Former Liberal Democrat equalities minister Jo Swinson, now chairwoman of the charity Maternity Action, said too often companies were using pregnancy as an “excuse to get rid of someone”.

Gillian Guy, chief executive of Citizens Advice, said it was a “confusing landscape” that meant “some bad bosses” were “getting away with treating their employees unfairly”.

Last week, a study for the Institute for Fiscal Studies showed that the earning power between men and those women returning to work after having a child becomes steadily wider. Over the subsequent 12 years, women’s hourly pay rate falls 33% behind men’s.

Responding to the report Laura Harrison, People and Strategy Director at the CIPD, the professional body for HR and people development comments:

“It’s inexcusable that discrimination against pregnant women at work is still a problem in the UK. Besides the damage this discrimination causes to women’s self-confidence and earnings potential, there’s a resultant loss of value for employers – not just in terms of talent but possibly also of the engagement of women. Who wants to give 100% when their commitment to work or value in the workplace is being questioned? That’s hardly a fair deal. The consequence of this loss of talent and engagement to the UK economy is obvious. We know the economy will only reach its potential when it builds and sustains opportunities for women to be as economically active as men.

“Discrimination legislation is well-covered by employment law in the UK.   But by this point in our evolution towards equal rights at work, this legislation should be a safeguard to ensure minimum practice, not something that women are routinely required to call upon.   Doubly challenging is that whilst we are protected against discrimination on multiple grounds, it can be within our control how much or if we choose to disclose our status (e.g. our age or sexual orientation and some disabilities). There’s no such choice for pregnant women – there’s an inevitability around conversations about the pregnancy and upcoming maternity leave from the point at which the pregnancy becomes obvious. Many may not be in an environment where this is a comfortable reality and employers must find ways to ensure that open and honest conversation during an employees’ pregnancy is the norm. Employers must be alert to, and actively pre-empt risks of discrimination, from the point at which a woman makes her pregnancy known. Not only would such an approach give women the opportunity to let colleagues know how they feel, but it’s also a chance for any potentially discriminatory problems to be caught early on and stopped.

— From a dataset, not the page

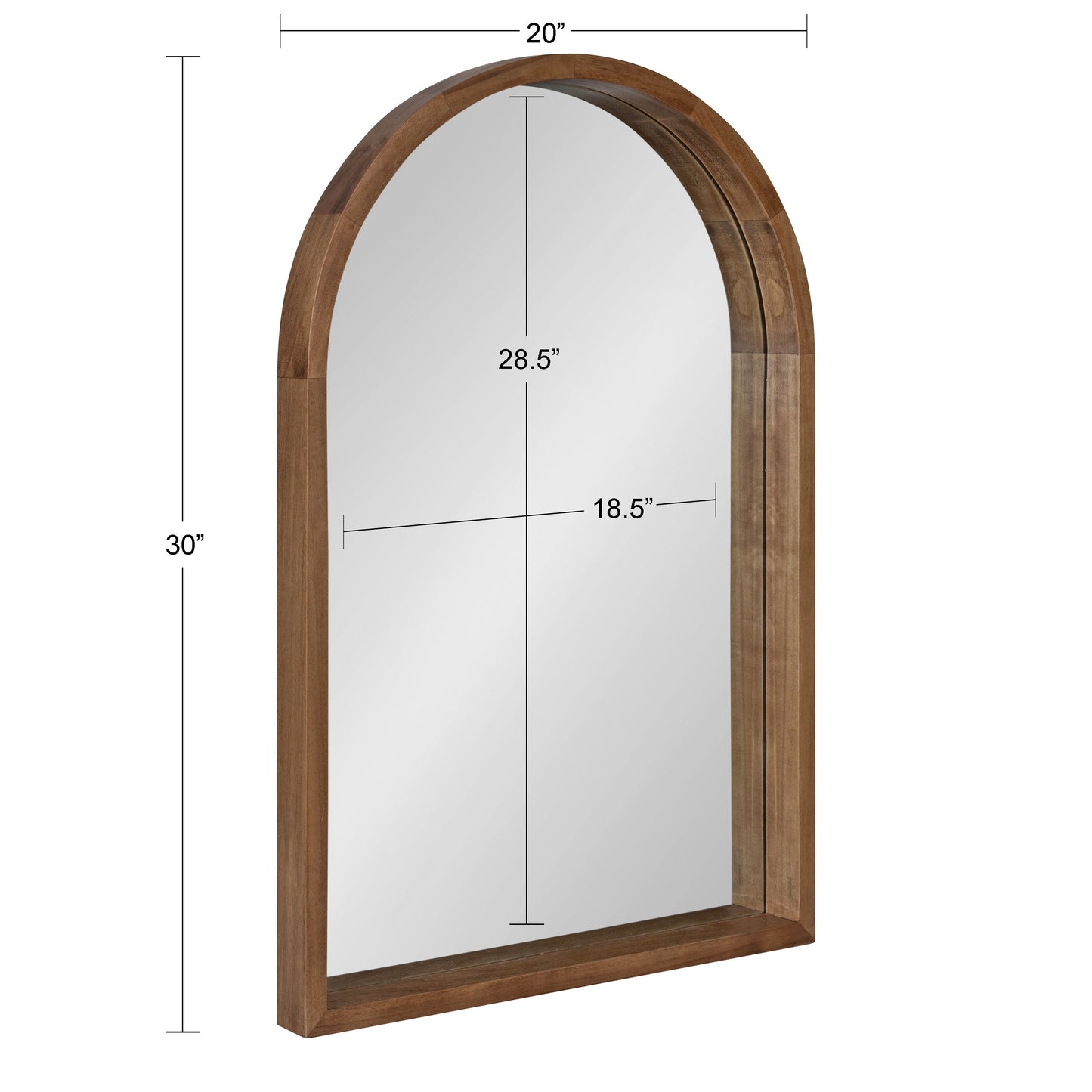 Hutton Wood Framed Arch Mirror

“Line managers are the key to this open dialogue, so it’s important that they are well-equipped with the knowledge and people management skills to ensure they do not discriminate against pregnant women and new mothers themselves. They also need to act as champions for the value that women bring to the workforce, whichever stage they are at, to mitigate against discrimination elsewhere.

“HR plays an important role, ensuring that good paternity, maternity and parental leave practices are as coherent and inclusive as possible, and communicated sufficiently to everyone. Practices for women before and after maternity leave should be as smooth as possible. For example, Keeping in touch (KIT) days, although voluntary, are a great way of reinforcing commitment from the employee to their organisation and vice versa. They will also help women feel more inclined to return to the organisation after their maternity leave, creating a business case for the employer. Equally important are the flexible and inclusive working practices that enable women returning to work so they feel welcomed back to the organisations and valued by their employer.

“More broadly, employers need to encourage a supportive and inclusive culture so that people’s behaviour reflects the right values and behaviour around diversity, and this needs to come from the top. Many need to also rethink how they recruit, retain and develop female talent, as well as the value of investing in people management skills and improving workplace practices. Social expectations around diversity and equality in the workplace are on the up – employers need to make sure they aren’t left behind in this reality.”